Question

Does the relation defined by \( R = \{(x, y) : y \text{ is divisible by } x\} \) on the set \( A = \{1, 2, 3, 4, 5, 6\} \), an equivalence relation?

Hint:

To disprove a property like symmetry or transitivity, you only need to find one counterexample. To prove it, you must show it holds for all possible cases. Forgetting a single property check can lead to an incorrect conclusion.

Answer 1

Step 1: Understanding the Concept:
For a relation to be an equivalence relation, it must satisfy three properties: reflexivity, symmetry, and transitivity. We need to test the given relation R for each of these properties.
Step 2: Key Definitions:
- Reflexive: For all \( a \in A \), \( (a, a) \in R \). (Is every element related to itself?)
- Symmetric: If \( (a, b) \in R \), then \( (b, a) \in R \). (If a is related to b, is b related to a?)
- Transitive: If \( (a, b) \in R \) and \( (b, c) \in R \), then \( (a, c) \in R \). (If a is related to b and b is related to c, is a related to c?)
Step 3: Detailed Explanation:
1. Test for Reflexivity:
For any element \( x \in A \), the pair \( (x, x) \) is in R if 'x is divisible by x'. Every number is divisible by itself.
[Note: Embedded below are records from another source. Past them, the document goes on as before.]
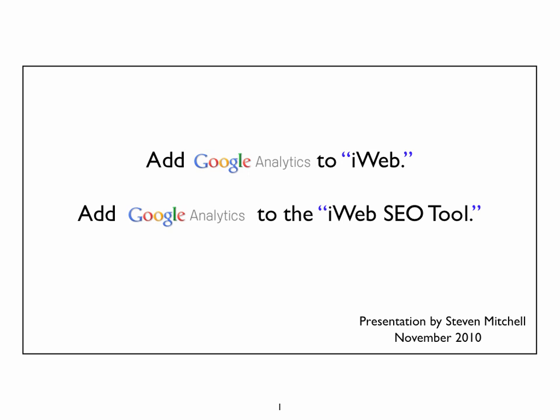Welcome to this brief video about adding Google Analytics to your iWeb. This lesson is divided into two sections. The first section focuses on adding Google Analytics directly to iWeb. The second section focuses on the extra steps you need to take if you use iWeb SEO tool from Rage Software.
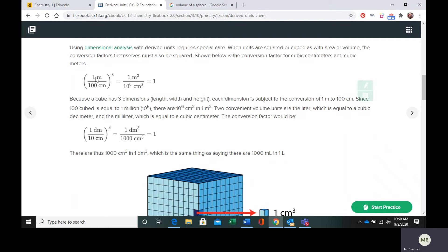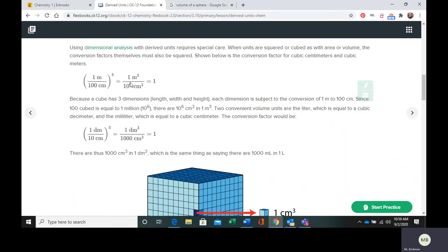One meter has a hundred centimeters in it, and if we're using cubic centimeters, we need to cube this whole thing. So one times one times one is one, 100 times 100 times 100 is 10 to the sixth.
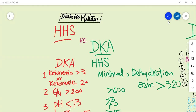Assalamu alaikum everyone. Today we are going to talk about some acute complications of diabetes mellitus - their diagnosis, their differentiating features, and their management. First of all, what are the criteria for DKA and HHS diagnosis with regards to the lab investigations?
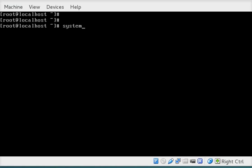So the first thing I'm going to do here is just reboot the server using systemctl reboot.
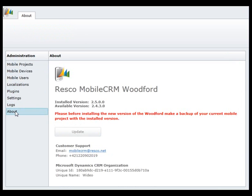From the About screen, it is possible to update Woodford to the latest version if possible, check the unique name and ID for support use, or check the additional materials if available.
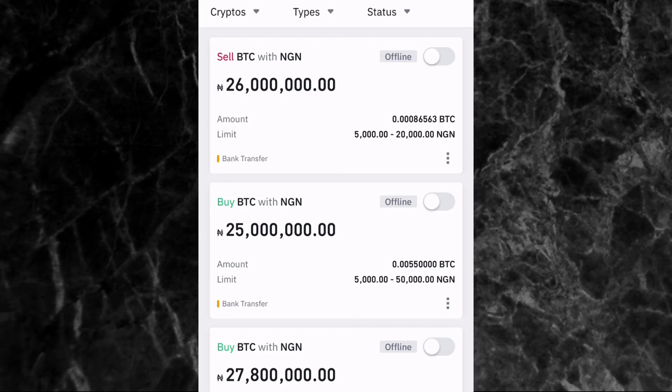That's how you can set your buy or sell ad on Binance P2P. If you need other Binance tutorial videos, I have a playlist on my YouTube channel — the link is in the description below. Thanks for watching, I hope you liked this video and subscribed to my channel. I'll see you in another video, bye!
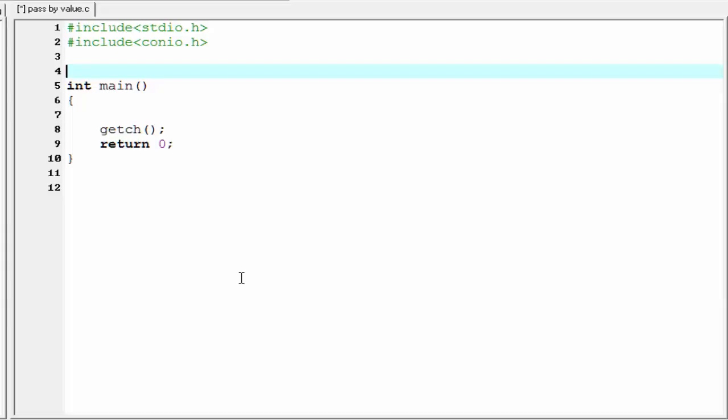Hello friends, welcome to Slide Hunt C programming video tutorial. In this tutorial I am going to teach you how to pass a value to a function, and it is called pass by value.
Therefore, \( (x, x) \in R \) for all \( x \in A \). The relation is reflexive.
2. Test for Symmetry:
We need to check if \( (x, y) \in R \) implies \( (y, x) \in R \). This means, if 'y is divisible by x', does it imply that 'x is divisible by y'?
Let's take a counterexample from the set A.
Consider the pair (2, 4). Since 4 is divisible by 2, \( (2, 4) \in R \).
Now, we must check if the reverse is true, i.e., if \( (4, 2) \in R \). This would mean that 2 is divisible by 4. This is false.
Since we found a counterexample, the relation is not symmetric.
3. Conclusion:
An equivalence relation must be reflexive, symmetric, and transitive. Since the relation R is not symmetric, it cannot be an equivalence relation. We do not need to check for transitivity.
Step 4: Final Answer:
No, the given relation is not an equivalence relation because it is not symmetric.